Beer Party, July, 1944

I came across this photo a while back. I thought Memorial day was a good time to share it. The original image is from b26.com and titled Beer Party, July, 1944. The fellows are Orin Basco (center) and Frank Sharp (left), Crew Chief of the Martin B-26, Dragon Wagon. These guys were part of the USAAF, 391st Bomb Group, 574th Bomb Squadron operating out of RAF Matching Green; an airfield north of London.

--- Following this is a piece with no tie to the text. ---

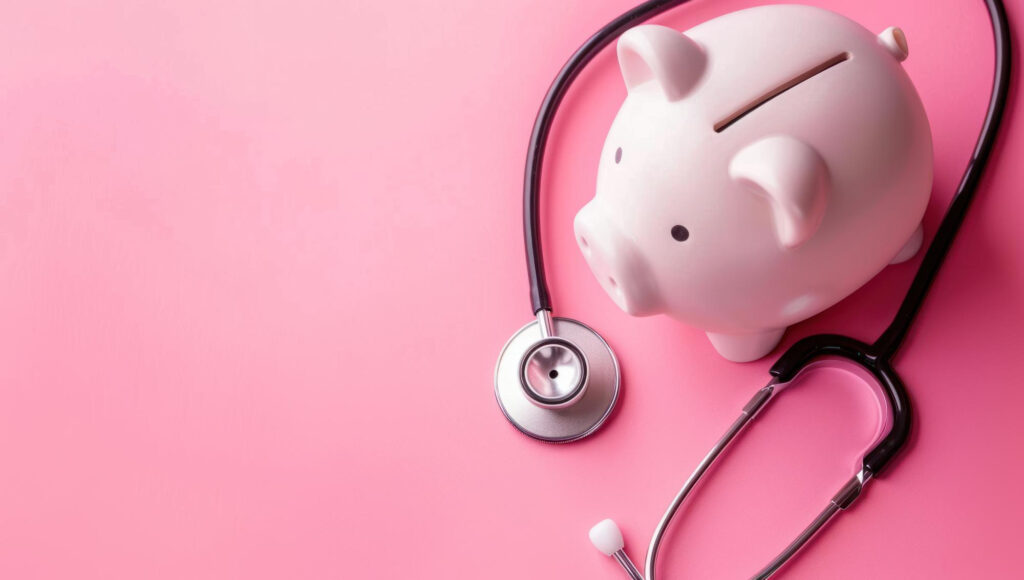 A white piggy bank sits on a pink background with a stethoscope draped around it, embodying financial wellness by symbolizing the concept of budgeting or saving for healthcare. | COYYN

The photo is beery enough and the barrels dated July 25 — marked with an X, noting their mild ale contents — are wonderful in and of themselves. However, what really strikes me about this image is the crew's sense of normalcy. A quick break on a summer's day for a beer. A nice gesture by a local brewery for the Yanks on the Green. But, it wasn't just a break for a beer. It was a break from the sight of a limping bomber returning home through grey English skies. A break from the howl of ambulances as they skittered across the green grass edging the tarmac. A break from the smell of burning oil and rubber, gunpowder and airplane exhaust. A break from olive drab metal ripped by shrapnel and riddled by bullets. A break from the cries and moans of injured men, rising over the sputter of propellers slowing to a stop. A break from blood, burns and bandages. A break from jeeps strapped with liters, carrying off the broken bodies of dead and wounded friends. A break from the nightmares, that they knew would come later that night, just like the night before. A break from the war.

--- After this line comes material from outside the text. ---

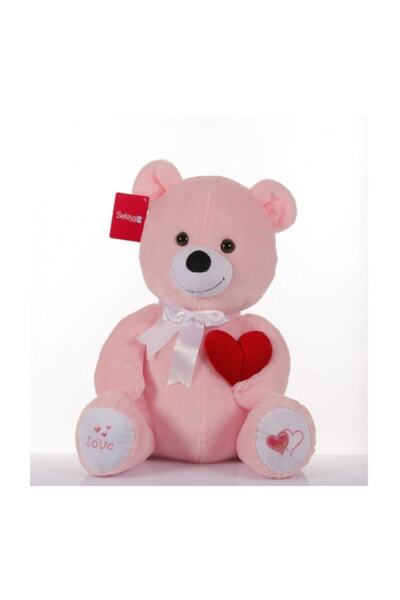 Selay Oyuncak دب وردي يحمل قلبًا 50 سم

Just for a fleeting moment, those ten ounces of sweet mild ale, drank from their canteen cups, would help those crewmen forget the war, and Germany, and being away from home. Any break, any sense of normality, had to have been a godsend. The photo doesn't show those men at war, it shows them in war. Drinking that little X ale was a simple act of ordinariness during extraordinary circumstances.

Three days before Christmas 1944, a German fighter plane would eviscerate the Dragon Wagon; blasting 20mm rounds through her engines and thin aluminum skin. Five of her crew jettisoned themselves from the collapsing aircraft — floating on parachutes to the snowy Belgian fields below. Her pilot, 2nd Lieutenant Jack Haynes, would not.

On this Memorial Day, while your drinking your beer and having your cook-outs. Please, raise your glass to the men and women who have sacrificed themselves, so we do not have to. A toast to those who have just gone for a Burton.